Historians: What Is This Supposed to Mean?

nr 9.11.62
National Review, September 11, 1962

While researching a (hopefully forthcoming) article about National Review’s treatment of African decolonization and the civil rights movement, I came across the cartoon above. I didn’t mention it in the article because I can’t really make sense of it.

It seems offensive, but what exactly is the message supposed to be? The immediate context around it is an article entitled, “Angola: Terrorists on the Run,” by Ronald Waring, in which he praises the Portuguese Army for its effective counterinsurgency campaign against Angolan rebels.

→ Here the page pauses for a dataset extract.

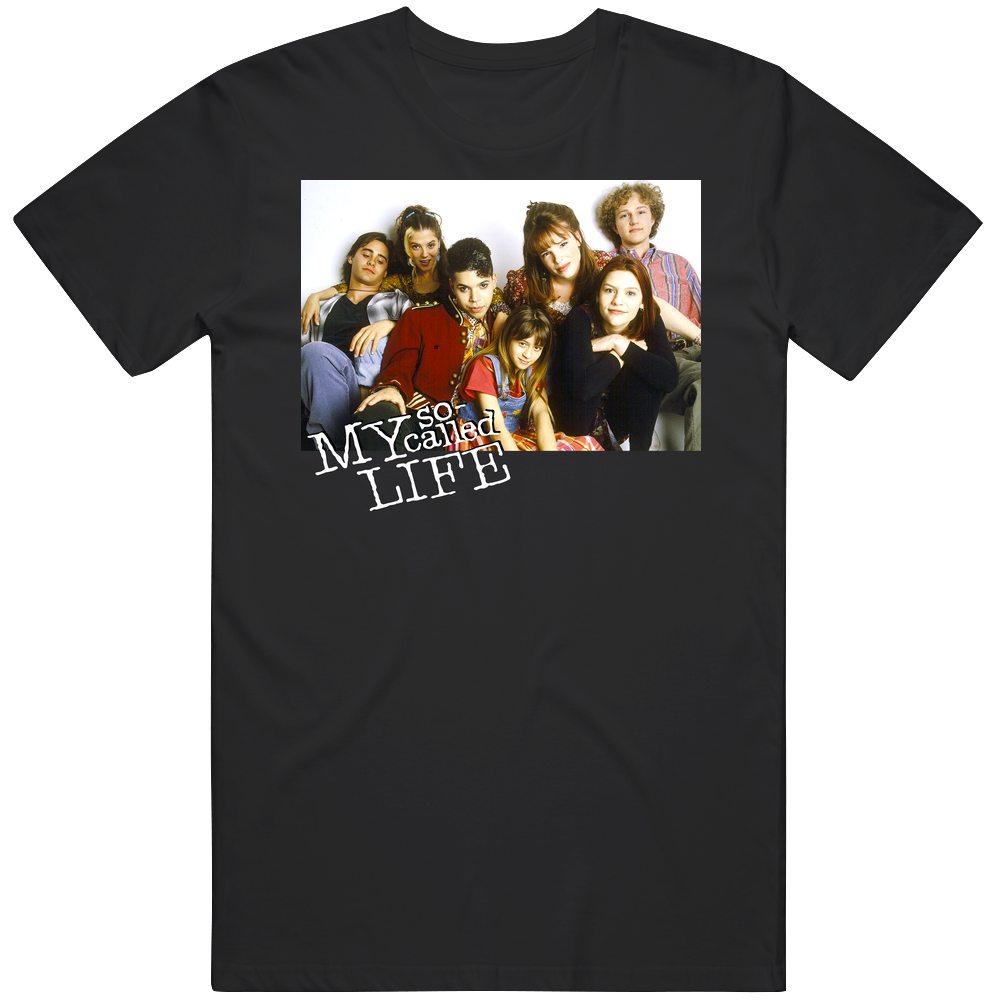 front preview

Waring was especially annoyed by what he saw as biased western press reports that played up Portuguese atrocities while downplaying African ones. Is that why the white figure in the cartoon is blindfolded? There’s a whole lot of weird stuff going on in this image.

The best interpretation I can come up with for this cartoon comes from the broader context of National Review’s view of African decolonization. It saw decolonization as the retreat of western civilization, a retreat enabled by naive American and European liberals who had silly notions of egalitarianism and human equality in their heads. While they prattled on about human freedom, “primitive” black Africans launched crude grasps for power that threatened to return the continent to “barbarism.” White liberals, blinded by their delusions about humanity, refused to see what was happening right in front of their eyes.

Perhaps that sensibility is what this cartoon is trying to depict. But I’d like to know what other people make of it.